====== Dataset records ======

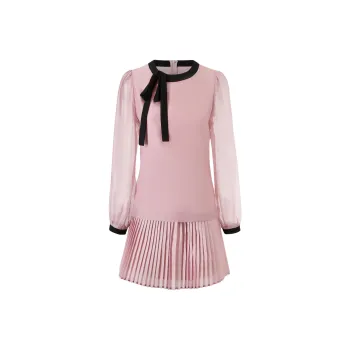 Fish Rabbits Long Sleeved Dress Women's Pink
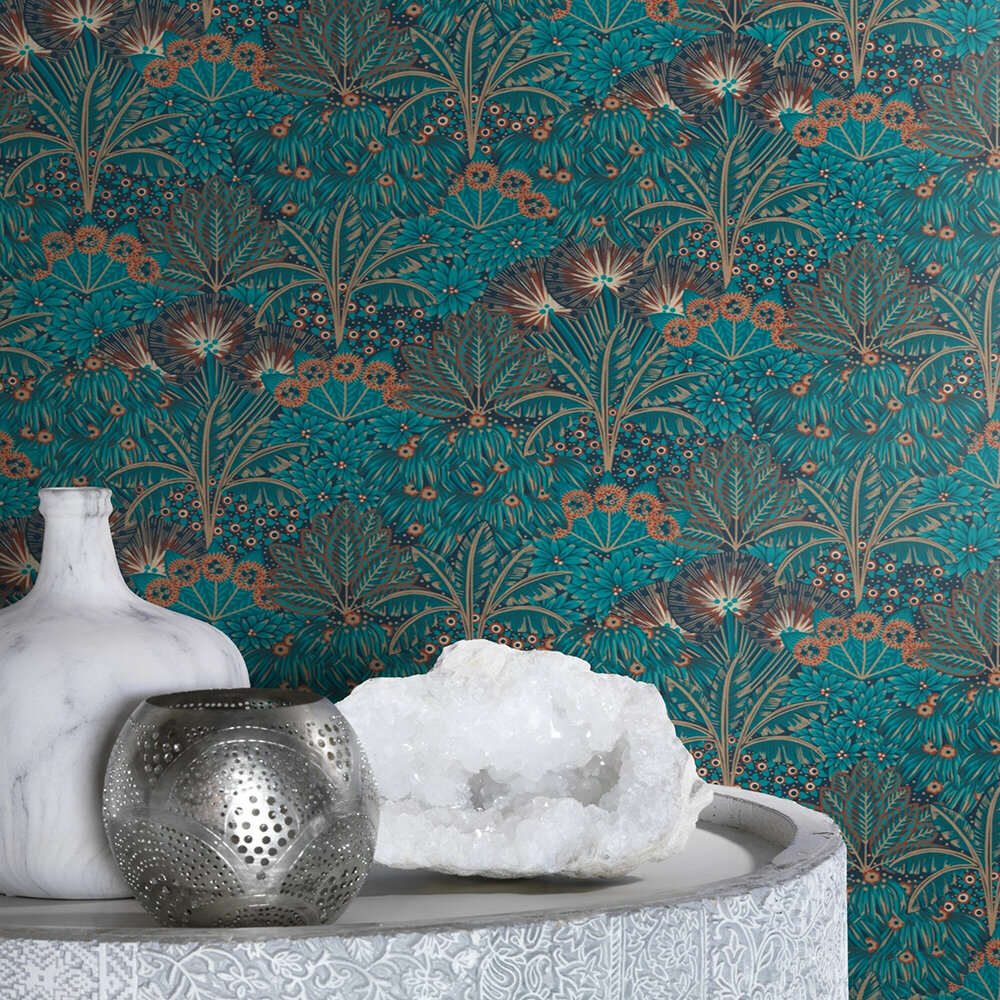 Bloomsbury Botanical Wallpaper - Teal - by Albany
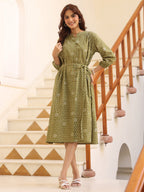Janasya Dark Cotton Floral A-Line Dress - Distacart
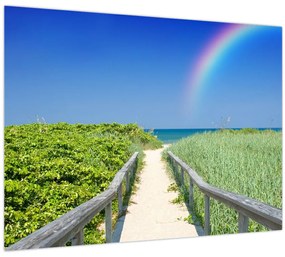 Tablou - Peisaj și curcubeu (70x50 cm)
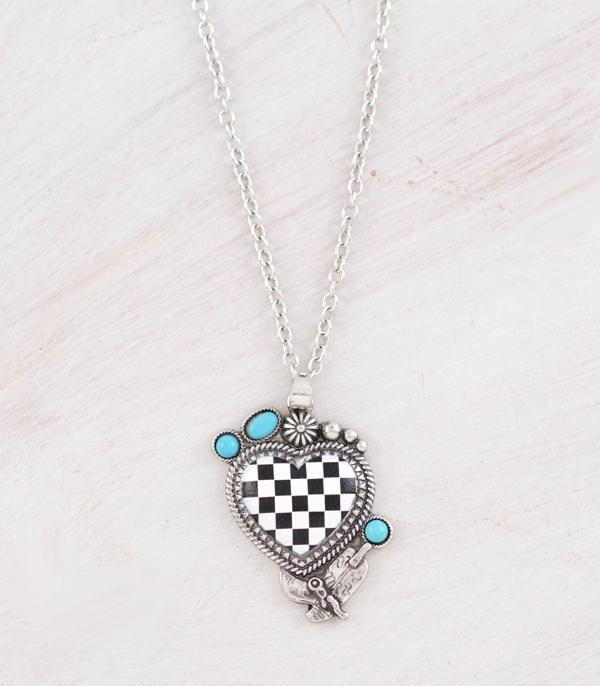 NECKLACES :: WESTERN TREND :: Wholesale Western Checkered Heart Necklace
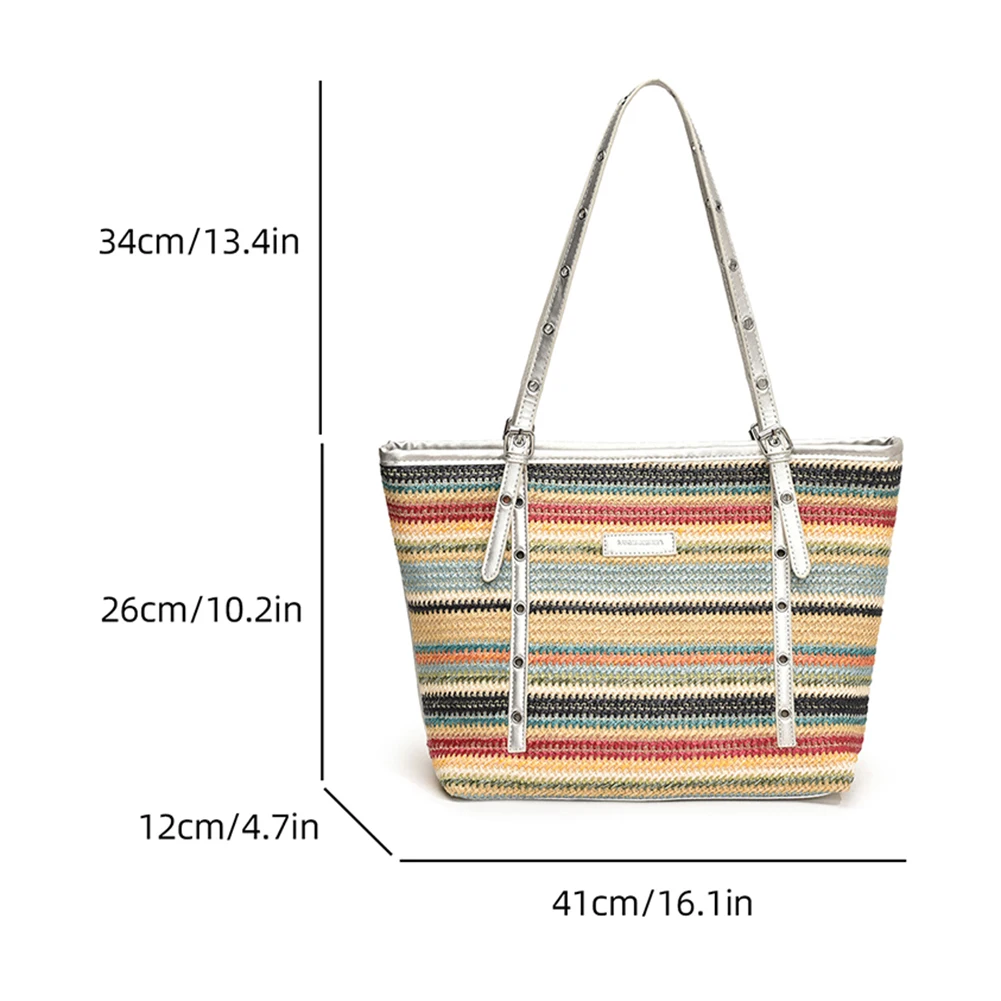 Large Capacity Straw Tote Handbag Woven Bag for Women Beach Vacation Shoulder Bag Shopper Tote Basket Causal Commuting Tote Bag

======

(What the exercise asks) All that the answer may contain is the exact text of the lines from the one with "Janasya Dark Cotton" through the last line of the material, pictures excluded.

(Written solution)
Janasya Dark Cotton Floral A-Line Dress - Distacart
 Tablou - Peisaj și curcubeu (70x50 cm)
 NECKLACES :: WESTERN TREND :: Wholesale Western Checkered Heart Necklace
 Large Capacity Straw Tote Handbag Woven Bag for Women Beach Vacation Shoulder Bag Shopper Tote Basket Causal Commuting Tote Bag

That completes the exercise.